Export data to Azure blob storage

I am trying to export a table to an azure blob store.

The query looks like this:

COPY "remoteserviceassistant"."faq_raw"
TO DIRECTORY 'az://myblobstore.blob.core.windows.net/faqdata/faq'
WITH (
    key = 'awnefaofawenfowfoawe'
);

For a small table this worked well and created a couple of json files, however, for a larger Table ~5GB in size, I get the following error:

NotSerializableExceptionWrapper[open_d_a_l_exception: Unexpected (permanent) at Writer::write => AzblobError 
{ code: "BlockCountExceedsLimit", message: "The uncommitted block count cannot exceed the maximum limit of 100,000 blocks. 
RequestId:2ae2b97d-e01e-0080-2fa7-4c05ac000000 Time:2024-12-12T15:08:12.4616782Z" } 
Context: uri: myblobstore.blob.core.windows.net/faqdata/faq/faq_raw_3_.json?comp=block&blockid=gaegrserger/m5txTV0/L0rw%3D%3D 
response: Parts { status: 409, version: HTTP/1.1, headers: {"content-length": "269", "content-type": "application/xml", "server": "Windows-Azure-Blob/1.0 Microsoft-HTTPAPI/2.0", "x-ms-request-id": "2ae2b97d-e01e-0080-2fa7-4c05ac000000", "x-ms-version": "2022-11-02", "x-ms-error-code": "BlockCountExceedsLimit", "date": "Thu, 12 Dec 2024 15:08:12 GMT"} } service: azblob path: faq_raw/faq_raw_3_.json size: 16384 written: 1268318208 ]
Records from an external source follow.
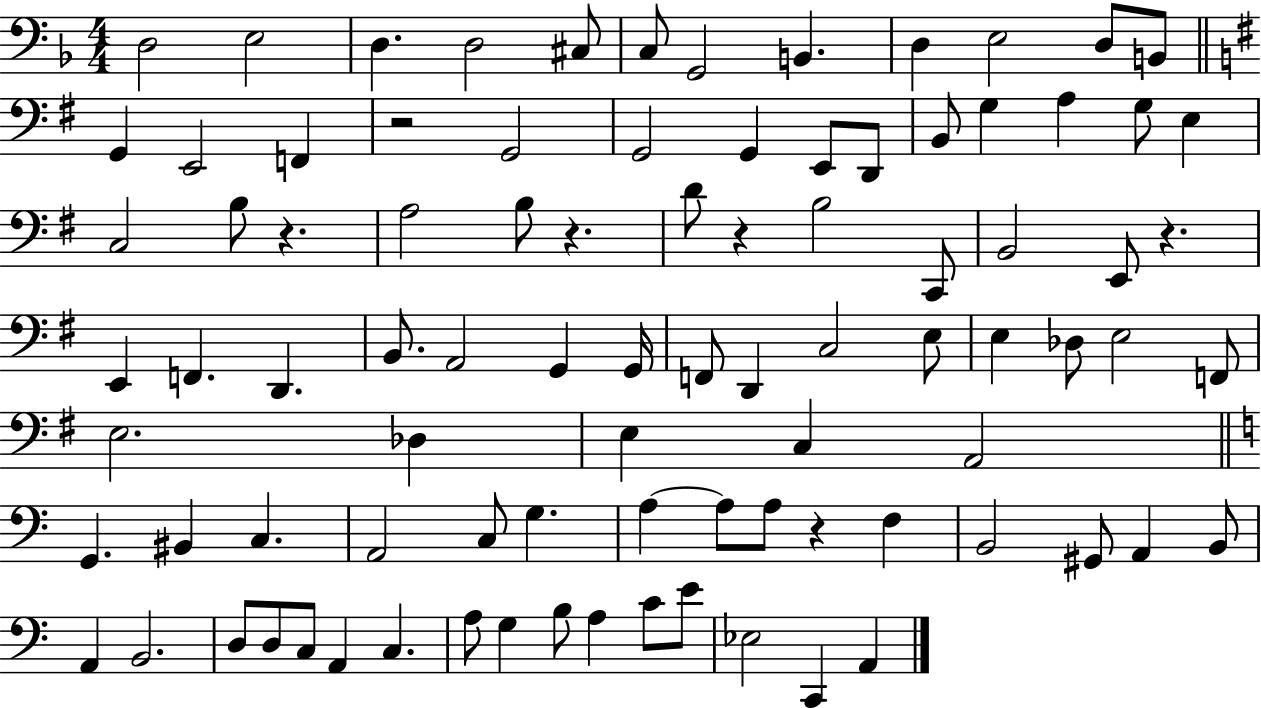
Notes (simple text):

D3/h E3/h D3/q. D3/h C#3/e C3/e G2/h B2/q. D3/q E3/h D3/e B2/e G2/q E2/h F2/q R/h G2/h G2/h G2/q E2/e D2/e B2/e G3/q A3/q G3/e E3/q C3/h B3/e R/q. A3/h B3/e R/q. D4/e R/q B3/h C2/e B2/h E2/e R/q. E2/q F2/q. D2/q. B2/e. A2/h G2/q G2/s F2/e D2/q C3/h E3/e E3/q Db3/e E3/h F2/e E3/h. Db3/q E3/q C3/q A2/h G2/q. BIS2/q C3/q. A2/h C3/e G3/q. A3/q A3/e A3/e R/q F3/q B2/h G#2/e A2/q B2/e A2/q B2/h. D3/e D3/e C3/e A2/q C3/q. A3/e G3/q B3/e A3/q C4/e E4/e Eb3/h C2/q A2/q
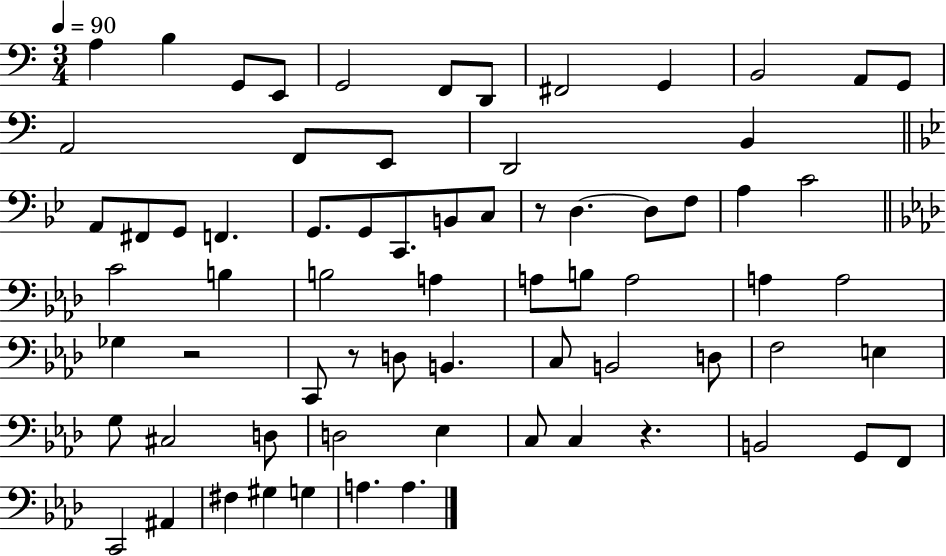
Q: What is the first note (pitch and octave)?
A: A3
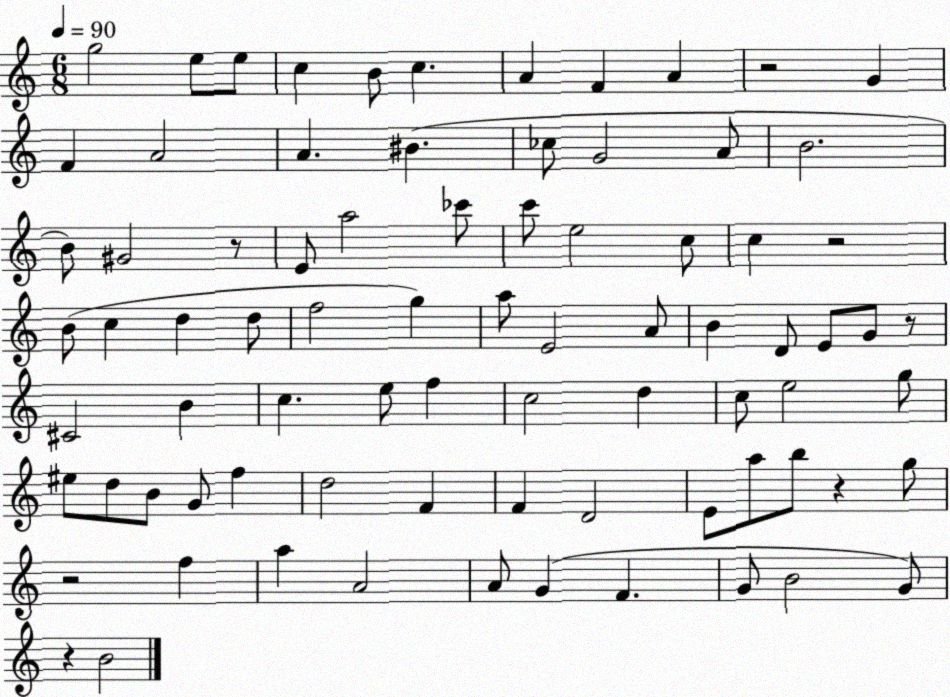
X:1
T:Untitled
M:6/8
L:1/4
K:C
g2 e/2 e/2 c B/2 c A F A z2 G F A2 A ^B _c/2 G2 A/2 B2 B/2 ^G2 z/2 E/2 a2 _c'/2 c'/2 e2 c/2 c z2 B/2 c d d/2 f2 g a/2 E2 A/2 B D/2 E/2 G/2 z/2 ^C2 B c e/2 f c2 d c/2 e2 g/2 ^e/2 d/2 B/2 G/2 f d2 F F D2 E/2 a/2 b/2 z g/2 z2 f a A2 A/2 G F G/2 B2 G/2 z B2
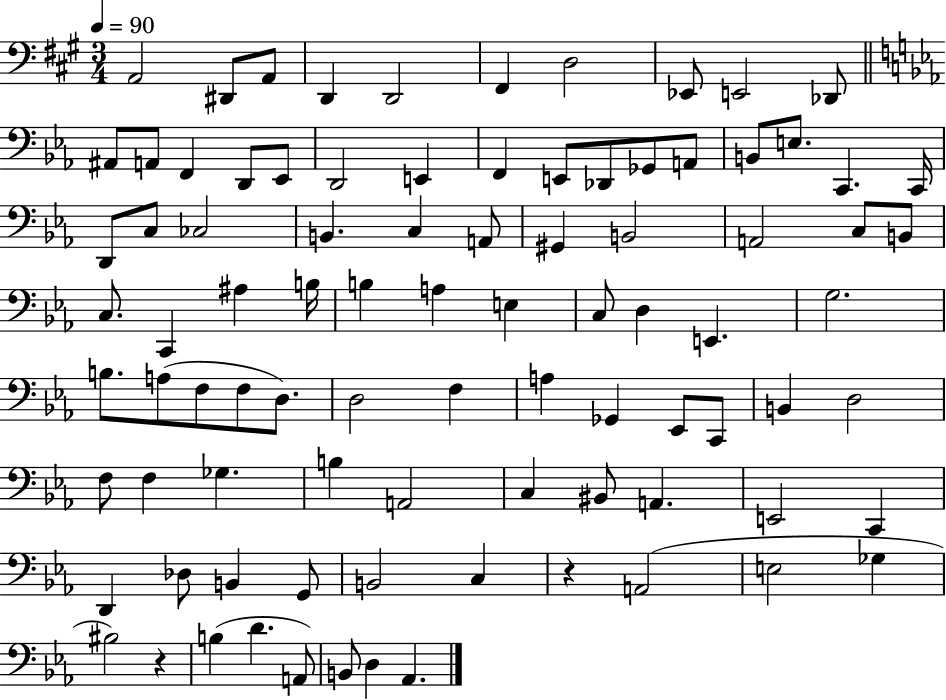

I found this post which suggests that there might be a bug in the upload code: How to list / delete uncommitted blob blocks, to avoid: “The uncommitted block count cannot exceed the maximum limit of 100,000 blocks.” - Microsoft Q&A

This is the schema of the problematic table, maybe the embedding vectors cause the issue:

Schema:

  • Name:
    • Type:
  1. uuid

    • Type: TEXT
  2. question

    • Type: TEXT
  3. answer

    • Type: TEXT
  4. ticket_object_id

    • Type: TEXT
  5. ticket_number

    • Type: TEXT
  6. plant_id

    • Type: TEXT
  7. plant_uuid

    • Type: TEXT
  8. plant_name

    • Type: TEXT
  9. path

    • Type: TEXT
  10. title

    • Type: TEXT
  11. question_embedding

    • Type: FLOAT_VECTOR(2048)
  12. created_at

    • Type: TIMESTAMP WITHOUT TIME ZONE

Hi @thunderbug1, thanks for the report.

Could you please create an issue in the crate repository?

Created a github issue here: Azure Blob store COPY TO gives BlockCountExceedsLimit · Issue #17136 · crate/crate

1 Like

Thanks for creating an issue!

We will report upstream with a library specific reproduction